▶ ASSIGNMENT
Extract every line from the records below that contains the word "trước".

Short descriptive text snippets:
Content starts

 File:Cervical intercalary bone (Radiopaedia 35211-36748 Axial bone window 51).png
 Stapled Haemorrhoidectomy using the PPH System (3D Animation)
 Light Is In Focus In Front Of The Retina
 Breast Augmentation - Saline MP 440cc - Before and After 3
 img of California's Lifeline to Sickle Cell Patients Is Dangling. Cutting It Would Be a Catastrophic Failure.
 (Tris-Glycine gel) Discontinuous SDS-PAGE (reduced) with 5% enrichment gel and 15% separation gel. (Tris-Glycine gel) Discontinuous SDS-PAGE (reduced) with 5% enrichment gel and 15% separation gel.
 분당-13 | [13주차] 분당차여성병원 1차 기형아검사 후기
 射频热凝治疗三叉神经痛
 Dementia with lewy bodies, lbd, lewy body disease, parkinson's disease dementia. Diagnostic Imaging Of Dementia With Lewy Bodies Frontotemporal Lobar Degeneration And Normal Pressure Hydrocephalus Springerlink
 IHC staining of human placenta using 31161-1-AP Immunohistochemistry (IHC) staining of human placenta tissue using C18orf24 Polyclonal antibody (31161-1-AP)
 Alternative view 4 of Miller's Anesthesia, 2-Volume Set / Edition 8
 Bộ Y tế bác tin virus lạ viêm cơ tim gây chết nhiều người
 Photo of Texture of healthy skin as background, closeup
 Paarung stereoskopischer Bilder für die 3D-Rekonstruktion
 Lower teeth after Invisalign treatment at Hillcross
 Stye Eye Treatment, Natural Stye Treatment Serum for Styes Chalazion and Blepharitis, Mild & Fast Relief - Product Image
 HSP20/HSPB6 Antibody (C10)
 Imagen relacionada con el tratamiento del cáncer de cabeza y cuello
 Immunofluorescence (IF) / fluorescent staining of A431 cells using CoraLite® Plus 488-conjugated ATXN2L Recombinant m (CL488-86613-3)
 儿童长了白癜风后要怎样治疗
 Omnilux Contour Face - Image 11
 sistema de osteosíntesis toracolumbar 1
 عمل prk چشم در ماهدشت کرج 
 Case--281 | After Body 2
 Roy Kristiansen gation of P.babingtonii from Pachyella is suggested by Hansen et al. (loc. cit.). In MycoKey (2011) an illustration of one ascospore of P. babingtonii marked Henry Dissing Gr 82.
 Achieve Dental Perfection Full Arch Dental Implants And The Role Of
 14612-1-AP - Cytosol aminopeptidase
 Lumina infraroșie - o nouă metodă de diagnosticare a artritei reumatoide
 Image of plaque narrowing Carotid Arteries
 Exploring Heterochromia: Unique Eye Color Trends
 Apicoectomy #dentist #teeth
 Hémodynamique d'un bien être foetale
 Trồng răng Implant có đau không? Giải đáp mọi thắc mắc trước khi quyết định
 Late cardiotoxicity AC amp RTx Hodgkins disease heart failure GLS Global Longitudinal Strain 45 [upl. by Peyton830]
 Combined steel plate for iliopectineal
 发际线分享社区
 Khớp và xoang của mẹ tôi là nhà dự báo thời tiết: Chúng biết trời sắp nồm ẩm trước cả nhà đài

Content ends

▶ ANSWER FOR THIS EXERCISE
 Trồng răng Implant có đau không? Giải đáp mọi thắc mắc trước khi quyết định
 Khớp và xoang của mẹ tôi là nhà dự báo thời tiết: Chúng biết trời sắp nồm ẩm trước cả nhà đài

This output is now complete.